* _COLLECTED DATA_
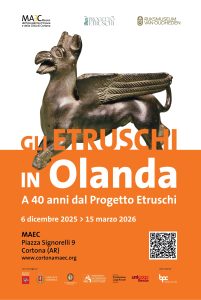 MAEC Cortona. Gli Etruschi in Olanda, a 40 anni dal progetto etruschi. una mostra internazionale a cortona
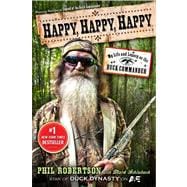 Happy, Happy, Happy My Life and Legacy as the Duck Commander
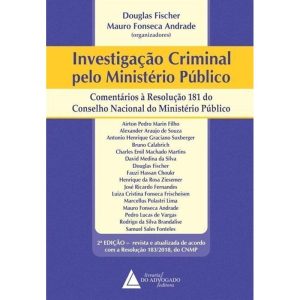 INVESTIGAÇÃO CRIMINAL PELO MINISTÉRIO PÚBLICO - LIVRARIA DO ADVOGADO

* _EXERCISE BRIEF_
Once the pictures are set aside, give the rest of the listing again exactly.

* _SOLUTION_
 MAEC Cortona. Gli Etruschi in Olanda, a 40 anni dal progetto etruschi. una mostra internazionale a cortona
 Happy, Happy, Happy My Life and Legacy as the Duck Commander
 INVESTIGAÇÃO CRIMINAL PELO MINISTÉRIO PÚBLICO - LIVRARIA DO ADVOGADO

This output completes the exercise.